Directions
Taking the entries below, transcribe only the lines starting with the one with "Pode incluir: Remendo" and going on through the one with "A professional installing", exactly as written, without the pictures.

Given entries
__________________________________________________

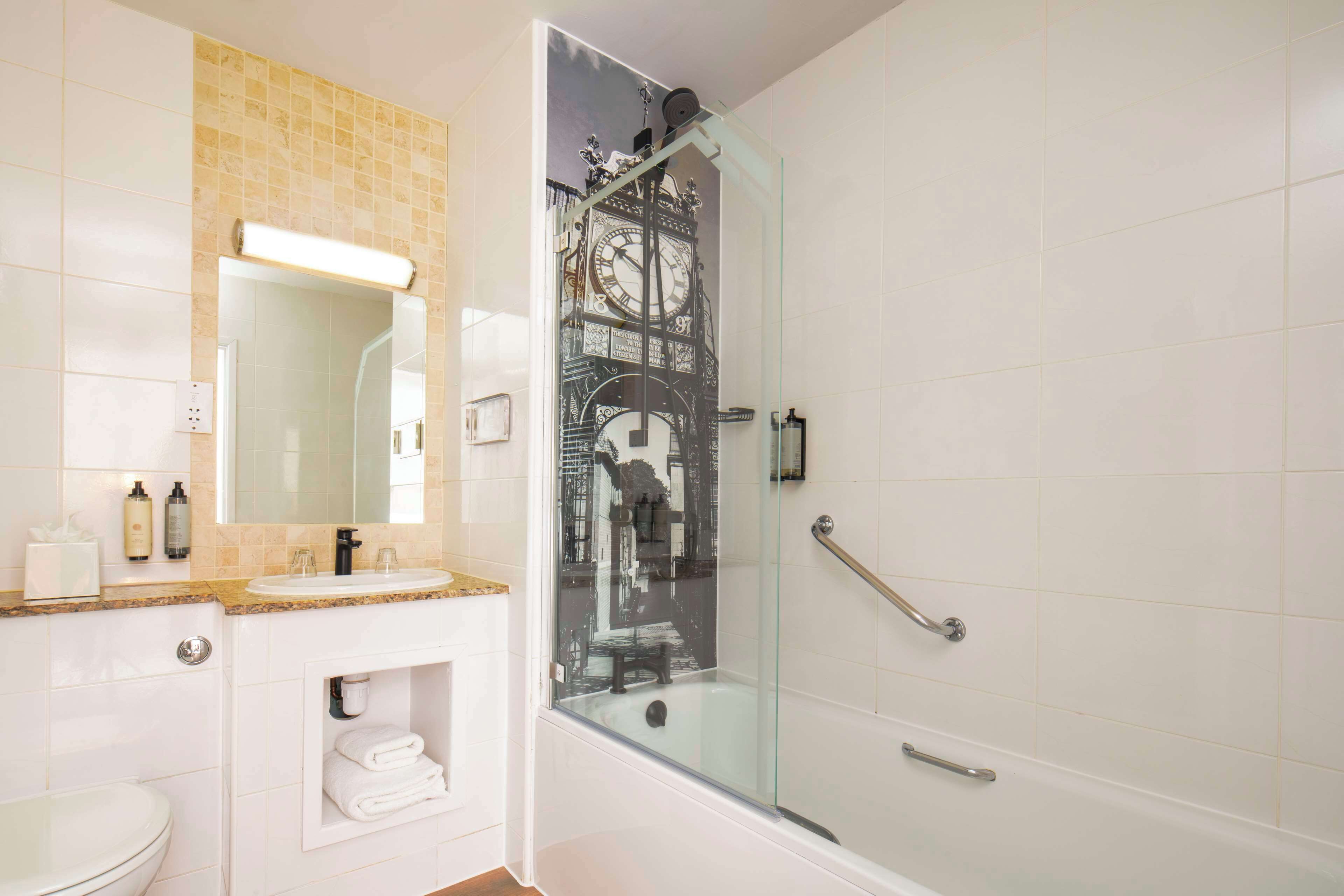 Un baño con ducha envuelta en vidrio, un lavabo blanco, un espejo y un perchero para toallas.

__________________________________________________

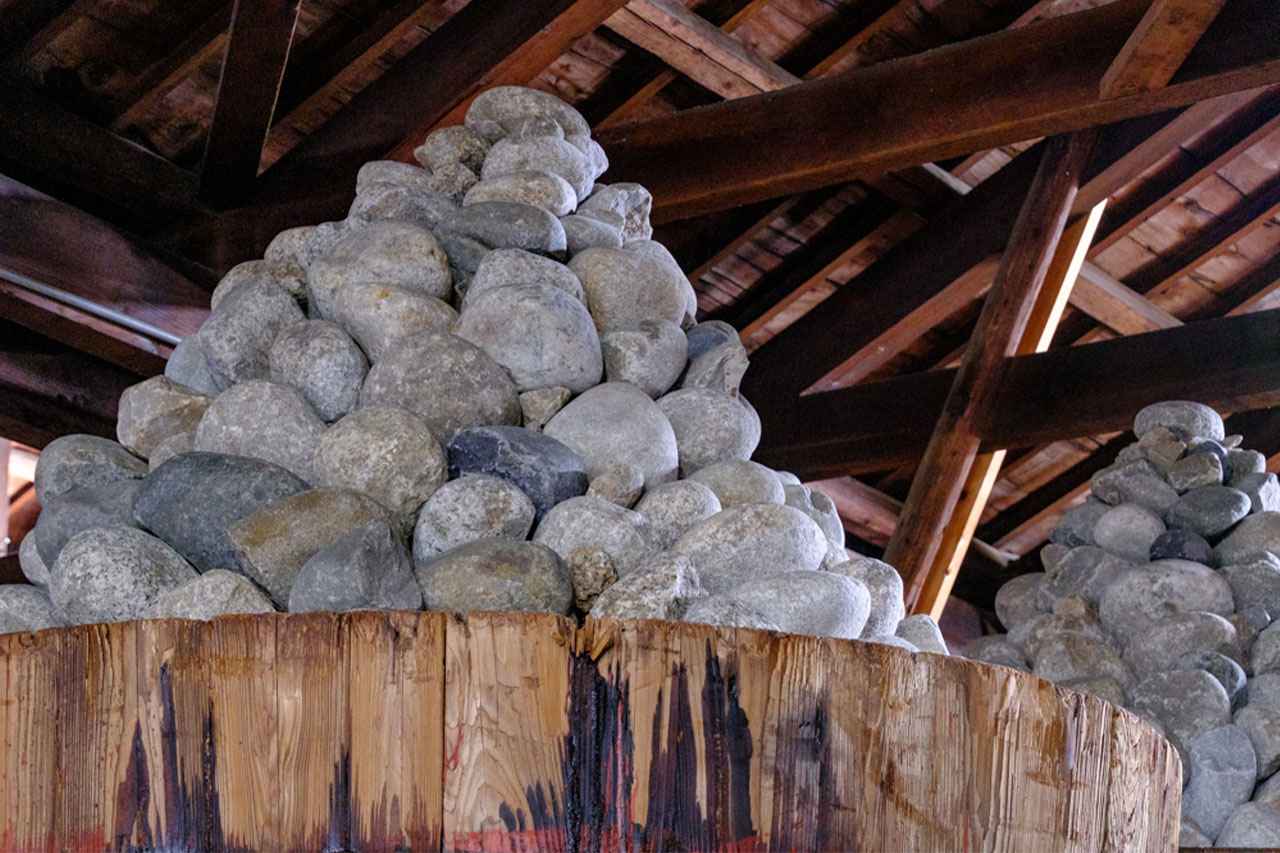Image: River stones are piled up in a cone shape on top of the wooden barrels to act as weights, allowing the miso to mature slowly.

__________________________________________________

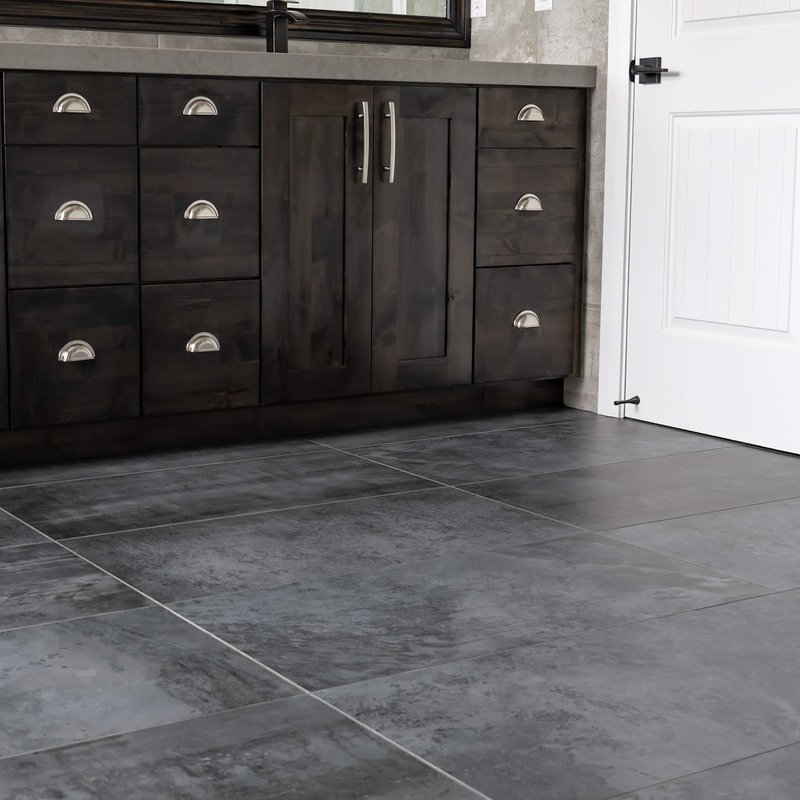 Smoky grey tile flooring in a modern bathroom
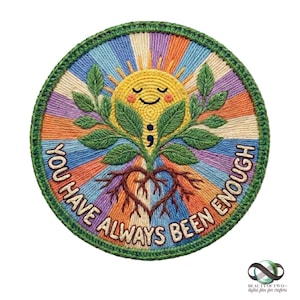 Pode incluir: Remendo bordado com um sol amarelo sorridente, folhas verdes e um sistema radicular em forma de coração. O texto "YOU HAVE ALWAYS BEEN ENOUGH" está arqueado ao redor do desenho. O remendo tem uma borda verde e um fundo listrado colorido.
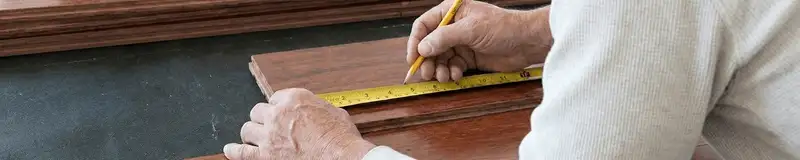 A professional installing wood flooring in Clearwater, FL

__________________________________________________

Written solution
 Pode incluir: Remendo bordado com um sol amarelo sorridente, folhas verdes e um sistema radicular em forma de coração. O texto "YOU HAVE ALWAYS BEEN ENOUGH" está arqueado ao redor do desenho. O remendo tem uma borda verde e um fundo listrado colorido.
 A professional installing wood flooring in Clearwater, FL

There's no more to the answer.